# Ro Woes



## marwil (12 Feb 2009)

HI 
would be grateful for any help  I am using ro water which is coming out at ph6 and am using dennerle ro remineral quantity as stated on the packaging and it has upped the ph tp 7.6 which is slightly higher than it comes out the tap . Any ideas would be very gratefuly recieved as its doing my head in.
                                                                            Thanks
                                                                               Mark


----------



## JamesC (12 Feb 2009)

Pure water by definition doesn't have a pH at all. RO water is pretty close and because it has no buffering capability the pH reading you get is almost meaningless. In theory though pure water would have a pH of 7.0 so any carbonate or bicarbonate that is present in the remineralising agent will push the pH up. If you wanted to compare your two water samples then leave both in a glass for 24 hours and then measure again. This is because tap water often contains dissolved CO2 whereas your RO water most likely won't. CO2 will lower pH.

James


----------



## marwil (12 Feb 2009)

Hi James
Thanks for the quick reply I just panicked a bit cos all my tropica plants have arrived. Do you think I should get it all filled and up and running and see how it pans out.
                                                                    Cheers
                                                                       Mark.


----------



## Themuleous (12 Feb 2009)

Yeh I would.  Also why not mix the RO with tap to get the desired hardness?  Save you a fortune in remineralisation salts 

Sam


----------



## chris1004 (12 Feb 2009)

Themuleous said:
			
		

> Yeh I would.  Also why not mix the RO with tap to get the desired hardness?  Save you a fortune in remineralisation salts
> 
> Sam



I wouldn't, I mean whats the point? you've just filtered the water to get all the nasties out of it then you go and put some back in!!! As for saving a fortune on remineralising salts that simply isn't true. A 250gram denerele remineral+ for examole is about a tenner and will treat 5000 litres (to kh1 I presume) therefore it is around 0.2p per litrekh or 40p to raise 200litres by 1kh (hardly a fortune in this hobby). If you use the AE gh plus it works out even cheaper. At least with remineraling salts you know whats gone back into the water.
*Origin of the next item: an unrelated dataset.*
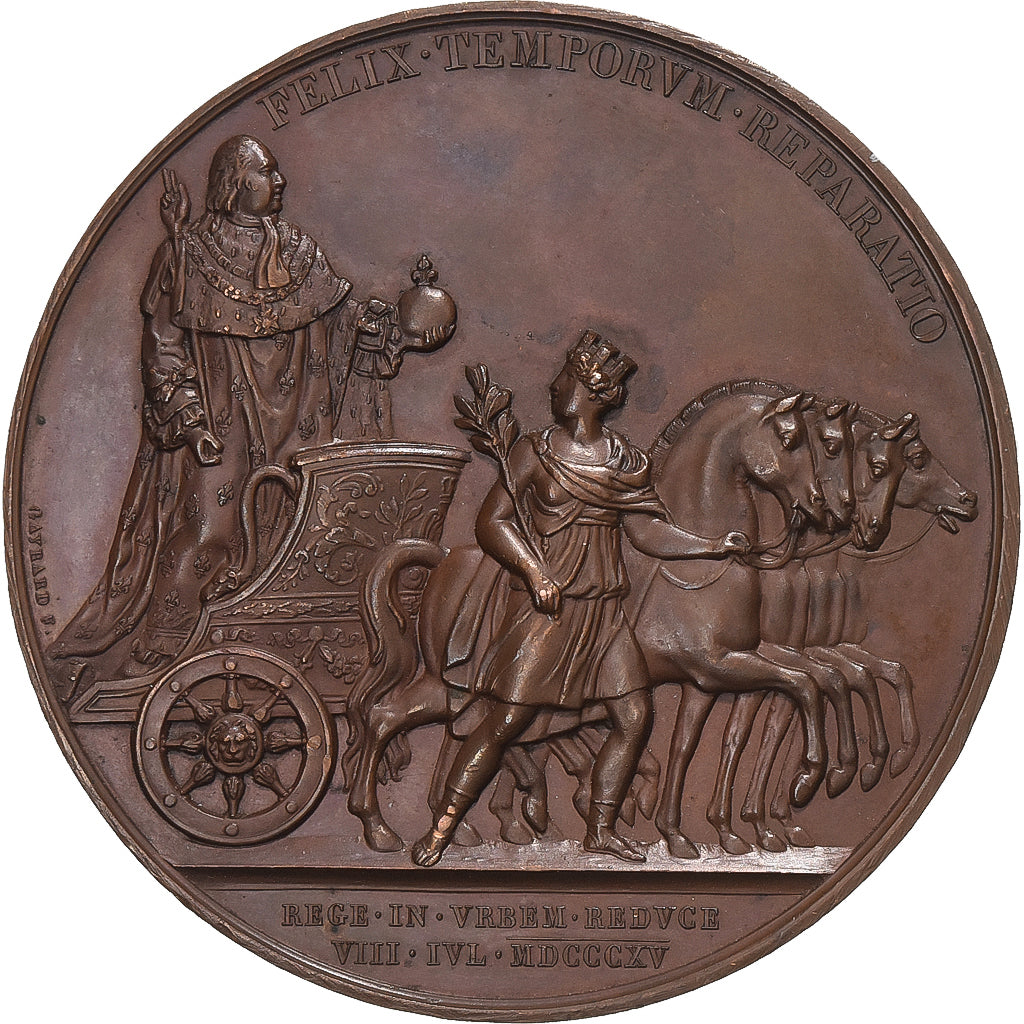Francia, medaglia, Seconde Entrée du Roi Louis XVIII à Paris, 1815, Bronzo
A lot depends on your tapwater to start with, how much you want to raise the kh by and how paranoid you are about water quality I suppose.


----------



## gratts (12 Feb 2009)

Relatively speaking, UK tap water is very good quality so doesn't really contain any 'nasties'. I wouldn't worry about anything like heavy metals, lead etc. Even if there are a couple of molecules bobbing around in your water, there is nowhere near enough to do any harm to anything.
Are you using RO water to reduce the pH and or hardness? If so I'd just do what Them suggested and mix with a ratio of tapwater to whatever pH etc you want. Seems easier and cheaper than messing around with salts which are largely unnecessary IMO!


----------



## chris1004 (12 Feb 2009)

I disagree, you should see the state that my kettle gets into......


----------



## gratts (12 Feb 2009)

That's limescale - just solidified minerals. Probably the same stuff you're putting back in with the salts, but you're paying for the privilege of doing so!


----------



## JamesC (12 Feb 2009)

gratts said:
			
		

> That's limescale - just solidified minerals. Probably the same stuff you're putting back in with the salts, but you're paying for the privilege of doing so!


    

That is so true. I actually found when I used RO water that the remineralising compounds weren't that good because they use sulphate salts which caused the TDS to go sky high. I had much better success cutting with tap water.

James


----------



## JazzyJeff (12 Feb 2009)

If you have an RO unit that has the membrane over the top of 2 or 3 pods then all you need do is cut the pipe as it leaves the pods before entering the membranes and insert a T-peice and a Tap all available online for about Â£4 and when you want clean tapwater with all nasties taken out you can turn on the tap and run this water off, then add as much back too your RO water till you have the right Hardness/PH etc then there is no need for remineralising additives !!!!!!! been doing it this way for my discus for many years !!!!!!


----------



## Themuleous (12 Feb 2009)

chris1004 said:
			
		

> Themuleous said:
> 
> 
> 
> ...



What do you mean by 'nasties'? 

Also, lets take a 60lt tank, a reasonable size for most people.  Using EI you need to change 30lt a week.  Say you only raise it to 1dKH that's 6p a week on re-mineralisation salts.  So Â£3.20 a year.  And that's assuming its only 1dKH.  Say you want to go to 5dKH, a reasonable level for most fish, that's 30p a week or Â£15.60 a year.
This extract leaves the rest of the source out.